How many islands are in Indonesia? You might think that the answer “a lot” is a bit glib, but it turns out that the Republic of Indonesia itself doesn’t really know, either. The nation of many islands consists of so many small land masses that they have never been officially counted. Until now: As the BBC reports, Indonesia is embarking on an ambitious island census.
The census is a bid to mark Indonesian territory by registering the islands with the United Nations, the BBC reports. As the Financial Times’ Ben Bland explains, Indonesia fought hard for the legal concept of an “archipelagic state”—a country that controls not just the waters inside it, but around it. The concept led to a long definition in the UN Convention on the Law of the Sea, an international treaty that establishes how UN member nations deal with oceans.
That treaty contains another key definition, the BBC notes: one that describes an island. According to the treaty, an island is a natural land mass that is surrounded by water and that is not obscured by water during a high tide. Indonesia certainly doesn’t lack for those—but it can’t seem to keep its numbers straight. It’s submitted varying estimates of its number of islands over the years, perhaps because the definition of “island” doesn’t depend on whether it’s inhabited, above a certain size, or even named.

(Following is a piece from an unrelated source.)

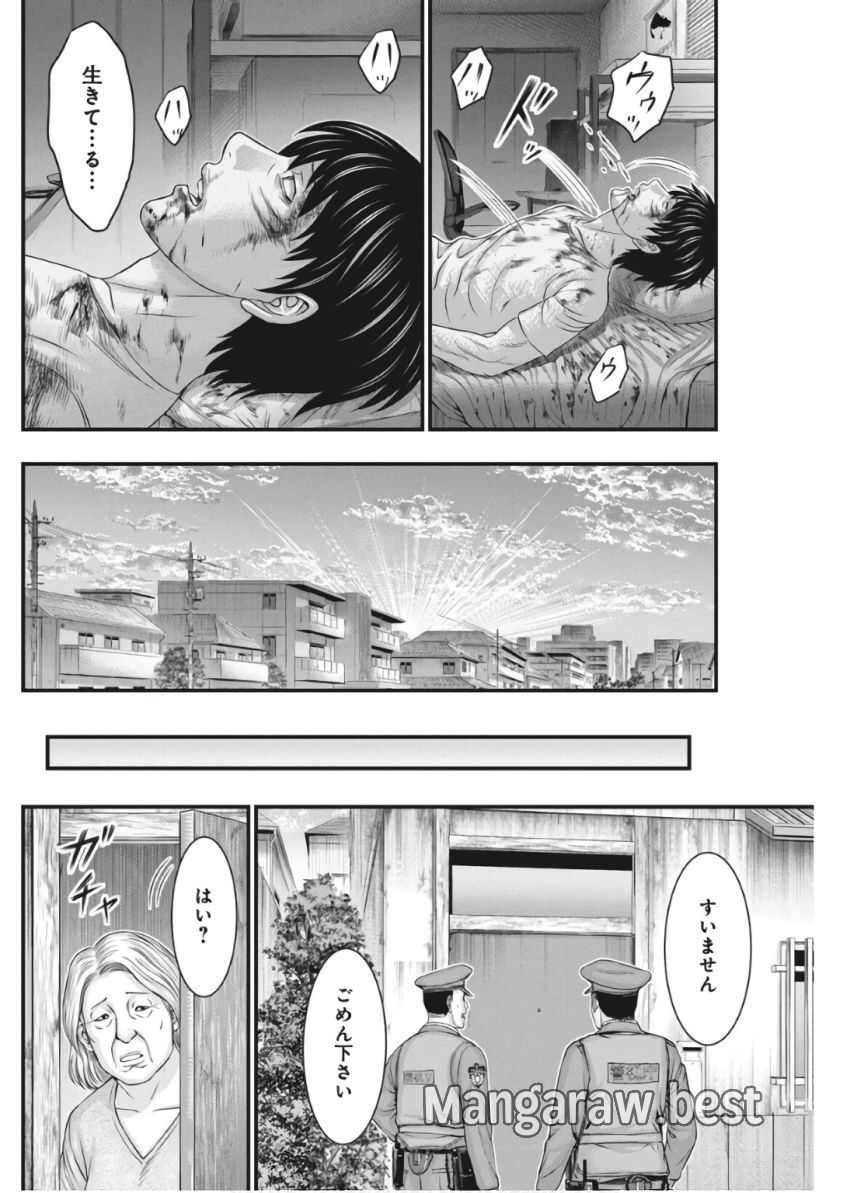 D.ダイバー 第27話 - Page 16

But the estimates are just that: estimates. With satellite technology, Indonesia upped its estimate from 17,508 in 1996 to over 18,000 in 2003. As the Indonesian news agency reported earlier this year, the hope is to bring the official UN count up to at least 14,572 named islands. But even that won’t take all of the country’s many unnamed islands into consideration.
Still, not all islands Indonesia claims are willing to stay there. In 2002, the International Court of Justice forced Indonesia to cede Ligitan and Sipadan, two tiny islands, to Malaysia, and after a 24-year occupation East Timor became an independent nation from Indonesia (also in 2002).
The total number of islands in Indonesia has big geopolitical implications. Voice of America’s Pete Cobus notes that the area is one of the world’s most important waterways, home to a third of the world’s maritime traffic and up to $5 trillion in trade. Indonesian vessels recently clashed with Vietnamese ones in the area, and questions of sovereignty continue to roil the waterway.
With maritime tensions in Asia on the rise, fueled by controversy over island ownership in the South China Sea, not to mention climate concerns—thousands of Indonesia’s islands are threatened by rising seas—and fears of private companies taking over small islands, there's no doubt that numerical drama will play out at the UN Conference on the Standardization of Geographic Names this summer when the conference decides which names go on official maps.
But first, Indonesia must finish its own big task—counting all of those islands.